Le Chéile is in Aonar (2010)

for mixed ensemble.

Duration 25 minutes.

Two versions exist

1. For traditional music ensemble (2 fiddles, 3 tin whistles, 2 Irish flutes, uilleann pipes)

2. For chamber orchestra with Irish traditional instruments

Composed with the aid of a bursary from the Arts Council of Ireland’s Deis Scheme.

Trad ensemble version premiered by Harry Bradley, Aoife O’Brien, Mick O’Brien and Caoimhín Ó Raghallaigh in August 2011 at the Masters of Tradition Festival, Bantry

Chamber orchestra version premiered by the Irish Memory Orchestra with conductor Bjorn Bantock at 2018 Skibbereen Arts Festival, Cork, Ireland.

Programme Poem

Some people think Irish music all sounds the same

Perhaps because some tunes have the same DNA

They’ll start and end with the same little turn

But the notes in between are for those who discern

Well Seán Ó Ríada tried this first

He took two slip jigs and told his band to rehearse

Playing the tunes together at once

Now I thought to myself, that’s a clever little stunt

Then Seán’s son Peadar tried another way

He composed a tune with three parts to be played

The first time around the parts sound on their own

Then the parts combine into a new kind of tone

Now I’ve taken the Ó Ríada’s ideas to extremes

In the space of 20 minutes you’ll hear reams and reams

Of familiar tunes combined in counterpoint

Some of you might love it, some may wonder what’s the point

Whichever way you take it I’m sure you’ll agree

The musicians who are playing are of the highest pedigree

So please sit back and listen with open ears

Now welcome the musicians, as I disappear………….

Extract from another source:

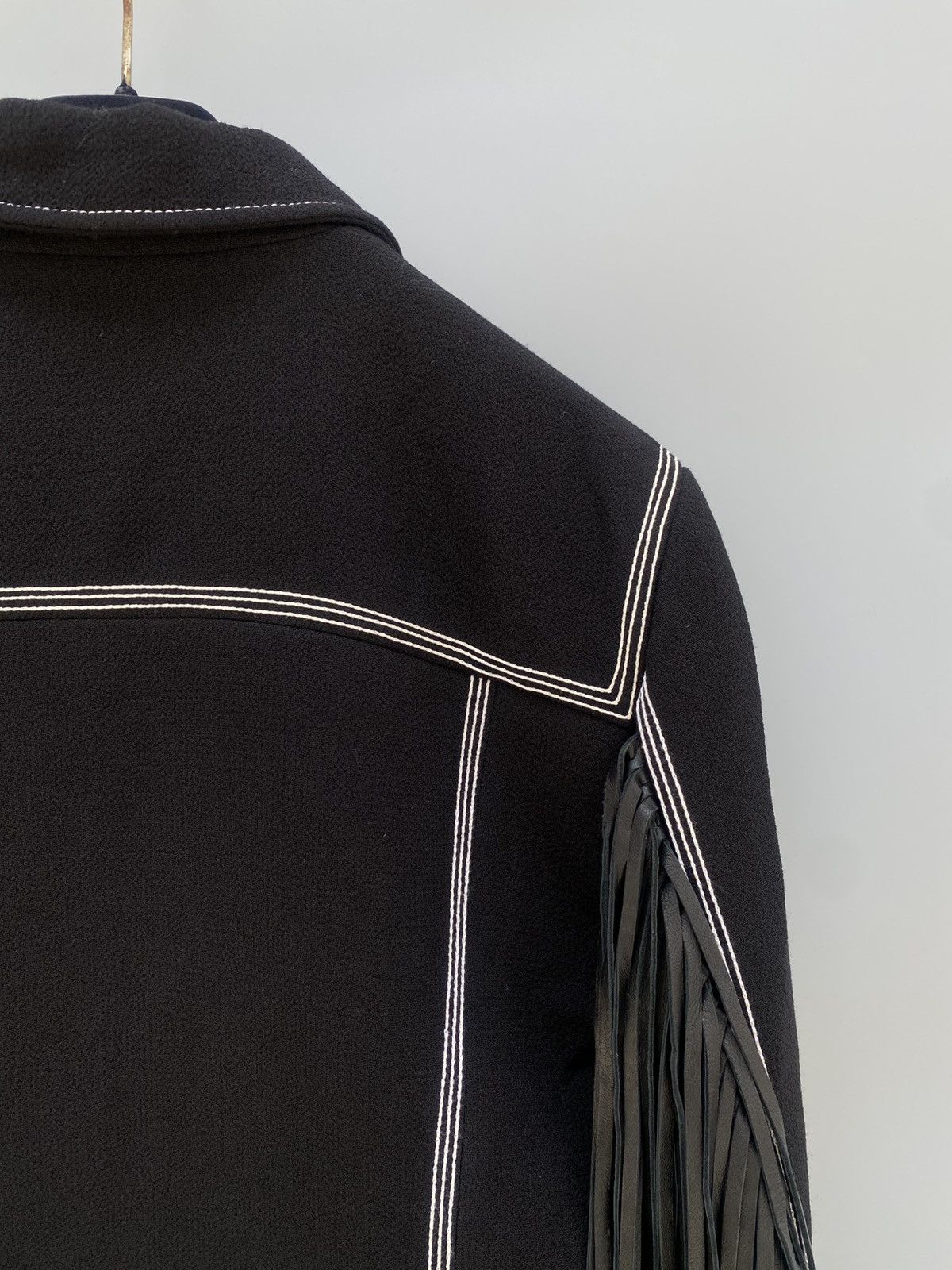 Other Fall 2016- Fausto Puglisi- Leather Fringe Wool Jacket Size M / US 6-8 / IT 42-44 - 14 Thumbnail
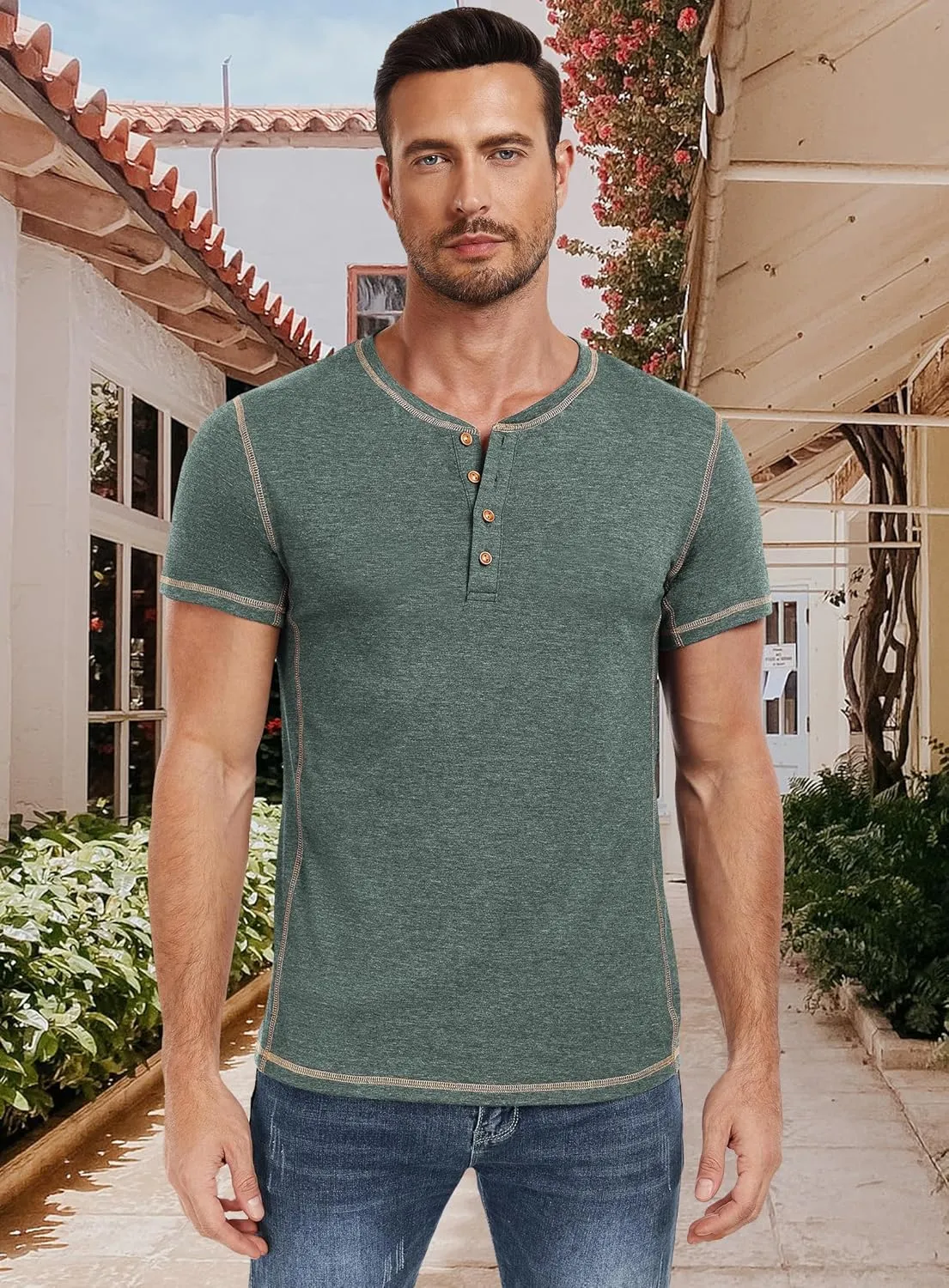 PEGENO Mens Fashion Henley Short Sleeve T-Shirt Casual Shirt Contrast Stitching Tees Tops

(This programme poem was used to introduce the music at the premiere)

Programme Note

Together but Apart is a rough translation of the title of this piece.
This is the only piece I’ve ever composed where existent traditional melodies are used in the context of a ‘new’ piece of music.I had the idea of creating a large piece where all the musicians maintained their individuality yet still merged as an ensemble. I noticed that many traditional tunes sound superficially similar. So in this piece old traditional tunes which seem to have the same basic DNA are played together. When the players bring their individual sound and approach to rhythm, variation and ornamentation the similarities are stretched and unusual rhythmic and harmonic counterpoints occur.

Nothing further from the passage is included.